Available records:
------------------------------------------------

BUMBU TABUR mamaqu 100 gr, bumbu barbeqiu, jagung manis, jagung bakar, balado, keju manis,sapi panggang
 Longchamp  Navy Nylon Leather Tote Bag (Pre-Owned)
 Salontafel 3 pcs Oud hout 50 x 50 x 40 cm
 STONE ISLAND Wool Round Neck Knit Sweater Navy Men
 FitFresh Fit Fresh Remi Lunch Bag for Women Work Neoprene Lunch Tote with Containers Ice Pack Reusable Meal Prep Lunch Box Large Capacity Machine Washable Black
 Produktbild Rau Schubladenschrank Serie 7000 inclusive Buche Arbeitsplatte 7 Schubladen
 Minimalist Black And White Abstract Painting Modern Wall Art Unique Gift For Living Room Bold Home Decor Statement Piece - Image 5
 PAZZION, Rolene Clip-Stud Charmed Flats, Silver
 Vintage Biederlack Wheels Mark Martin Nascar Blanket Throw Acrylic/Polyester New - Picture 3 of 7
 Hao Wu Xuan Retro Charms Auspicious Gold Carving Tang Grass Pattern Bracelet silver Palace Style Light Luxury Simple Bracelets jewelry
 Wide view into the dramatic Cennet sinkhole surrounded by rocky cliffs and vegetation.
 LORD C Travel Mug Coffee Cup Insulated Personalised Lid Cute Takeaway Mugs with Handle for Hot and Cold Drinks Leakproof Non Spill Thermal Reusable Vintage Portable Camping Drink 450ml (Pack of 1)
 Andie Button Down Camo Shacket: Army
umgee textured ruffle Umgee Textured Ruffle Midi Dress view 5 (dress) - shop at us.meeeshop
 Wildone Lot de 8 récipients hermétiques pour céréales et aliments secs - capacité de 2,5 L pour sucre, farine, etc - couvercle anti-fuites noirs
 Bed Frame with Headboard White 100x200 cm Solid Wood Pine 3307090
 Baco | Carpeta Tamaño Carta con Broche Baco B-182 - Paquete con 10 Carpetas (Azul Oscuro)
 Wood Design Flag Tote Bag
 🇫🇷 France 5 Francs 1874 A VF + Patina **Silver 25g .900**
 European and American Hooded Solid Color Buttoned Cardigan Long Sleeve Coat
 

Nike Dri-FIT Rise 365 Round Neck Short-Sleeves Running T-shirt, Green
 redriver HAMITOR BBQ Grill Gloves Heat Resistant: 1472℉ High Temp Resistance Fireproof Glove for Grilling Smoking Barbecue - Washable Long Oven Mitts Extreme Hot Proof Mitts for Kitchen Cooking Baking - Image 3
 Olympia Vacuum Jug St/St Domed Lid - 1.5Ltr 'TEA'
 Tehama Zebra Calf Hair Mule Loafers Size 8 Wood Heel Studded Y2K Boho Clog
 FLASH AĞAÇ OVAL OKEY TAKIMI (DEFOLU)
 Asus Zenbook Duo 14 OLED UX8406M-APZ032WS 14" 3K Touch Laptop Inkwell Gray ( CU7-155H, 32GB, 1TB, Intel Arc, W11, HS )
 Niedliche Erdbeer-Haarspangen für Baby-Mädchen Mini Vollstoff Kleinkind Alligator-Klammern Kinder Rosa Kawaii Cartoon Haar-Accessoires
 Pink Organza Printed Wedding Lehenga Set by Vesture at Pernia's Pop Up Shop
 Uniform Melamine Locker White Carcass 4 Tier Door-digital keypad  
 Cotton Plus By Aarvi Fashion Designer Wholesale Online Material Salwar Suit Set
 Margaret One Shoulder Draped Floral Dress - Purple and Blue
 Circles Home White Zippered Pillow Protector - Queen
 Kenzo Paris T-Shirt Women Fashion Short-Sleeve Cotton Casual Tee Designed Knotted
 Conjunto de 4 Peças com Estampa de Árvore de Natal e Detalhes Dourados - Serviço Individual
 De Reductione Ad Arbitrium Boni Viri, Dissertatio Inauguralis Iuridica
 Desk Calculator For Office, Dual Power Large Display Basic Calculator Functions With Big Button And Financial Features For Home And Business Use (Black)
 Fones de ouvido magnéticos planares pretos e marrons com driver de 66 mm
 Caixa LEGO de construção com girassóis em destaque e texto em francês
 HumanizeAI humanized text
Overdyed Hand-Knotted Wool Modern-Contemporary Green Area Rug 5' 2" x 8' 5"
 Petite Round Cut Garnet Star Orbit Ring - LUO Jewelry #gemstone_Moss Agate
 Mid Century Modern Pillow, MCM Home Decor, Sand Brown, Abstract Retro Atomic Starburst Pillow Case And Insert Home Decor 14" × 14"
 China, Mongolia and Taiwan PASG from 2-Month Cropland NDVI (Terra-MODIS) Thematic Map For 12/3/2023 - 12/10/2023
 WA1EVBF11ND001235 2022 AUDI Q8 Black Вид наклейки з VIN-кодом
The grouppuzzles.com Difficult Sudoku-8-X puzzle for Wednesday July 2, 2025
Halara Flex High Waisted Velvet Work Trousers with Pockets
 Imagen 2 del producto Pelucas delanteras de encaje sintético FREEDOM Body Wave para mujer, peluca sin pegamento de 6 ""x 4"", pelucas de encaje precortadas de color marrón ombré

------------------------------------------------

Assignment:
Start at the first line of the entries and stop at the line that contains "Hao Wu Xuan". Repeat every line in that span exactly, and nothing beyond it.

Problem solution:
BUMBU TABUR mamaqu 100 gr, bumbu barbeqiu, jagung manis, jagung bakar, balado, keju manis,sapi panggang
 Longchamp  Navy Nylon Leather Tote Bag (Pre-Owned)
 Salontafel 3 pcs Oud hout 50 x 50 x 40 cm
 STONE ISLAND Wool Round Neck Knit Sweater Navy Men
 FitFresh Fit Fresh Remi Lunch Bag for Women Work Neoprene Lunch Tote with Containers Ice Pack Reusable Meal Prep Lunch Box Large Capacity Machine Washable Black
 Produktbild Rau Schubladenschrank Serie 7000 inclusive Buche Arbeitsplatte 7 Schubladen
 Minimalist Black And White Abstract Painting Modern Wall Art Unique Gift For Living Room Bold Home Decor Statement Piece - Image 5
 PAZZION, Rolene Clip-Stud Charmed Flats, Silver
 Vintage Biederlack Wheels Mark Martin Nascar Blanket Throw Acrylic/Polyester New - Picture 3 of 7
 Hao Wu Xuan Retro Charms Auspicious Gold Carving Tang Grass Pattern Bracelet silver Palace Style Light Luxury Simple Bracelets jewelry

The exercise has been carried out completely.